Jolie trouvaille, la scène entre le Baron et Barigoule : une manière de scène de reconnaissance, pastiche résolu d’un grand opéra français à la Halévy ou Saint-Saëns : « Est-ce vous ? C’est bien moi, etc. » Ortega et Miannay font cela très bien, avec toute la grandiloquence qui s’impose avant une cabalette à l’unisson, tonitruante juste ce qu’il faut. On imaginait pas l’aimable Mme Viardot si caustique. Puis sur une noble marche le Prince fera son entrée pour la scène de la pantoufle de vair (de paillettes en l’occurrence), scène de comédie ponctuée de commentaires ironiques des vents. On connait la suite… Les ponctuations deviennent valse (basson et piano) et tandis que le fond de scène s’illumine d’étoiles, revoici la bonne Fée…

Ici, nous l’apprendrons plus tard, la Fée aurait dû faire une nouvelle apparition suspendue… Hélas, la mécanique était tombée en panne… Il avait fallu la délivrer en hâte de son baudrier, la faire redescendre au niveau du plateau, pour qu’elle entre (à pied) faire ses dernières vocalises (jolies d’ailleurs) comme si de rien n’était, à peine essoufflée mais le cœur battant, sur un frémissement des violons et des arpèges du piano… The show must go on
« Je viens pour la dernière fois », chante-t-elle, préludant au chœur final, résolument en majeur…..Cendrillon quitte ses oripeaux, rejoint son lit, les murs de la chambre redescendent et elle redevient Marie, tandis qu’ironiquement le gros rat pointe son museau dans le miroir au dessus d’elle.

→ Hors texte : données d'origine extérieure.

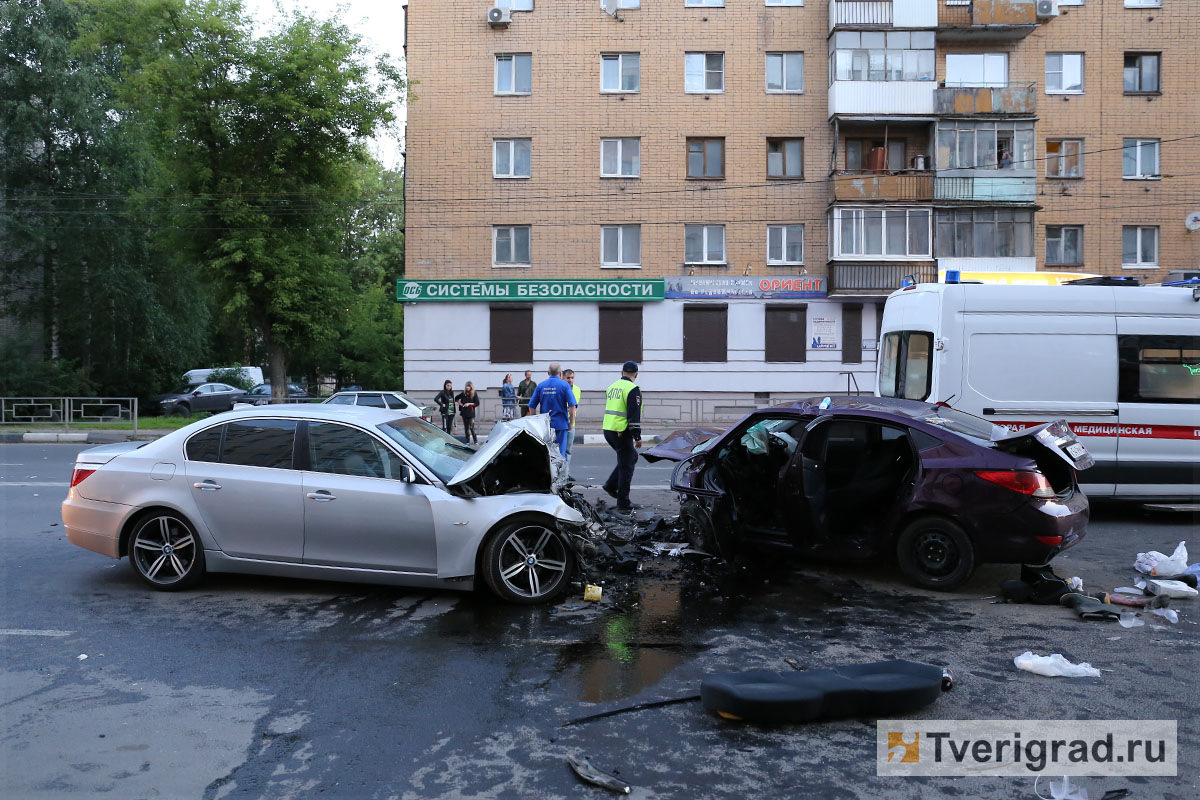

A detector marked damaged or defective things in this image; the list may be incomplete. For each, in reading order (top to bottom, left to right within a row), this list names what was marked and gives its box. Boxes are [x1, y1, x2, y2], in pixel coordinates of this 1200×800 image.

shattered windshield [384, 416, 478, 478]
crumpled car hood [446, 416, 568, 496]
shattered windshield [916, 406, 1000, 444]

Point final d’un très joli spectacle qui sera donné encore six fois devant des salles combles. De jeunes voix, certaines en train d’évoluer encore, seul (léger) bémol, mais tant de soin, d’enthousiasme aussi, sont à saluer. Comme la démarche de fidéliser un tout jeune public. Démarche qui se poursuivra, on veut croire.

Et puis, penser aux enfants, dans la période que le monde est en train de traverser, c’est peut-être ce qu’on peut faire de mieux.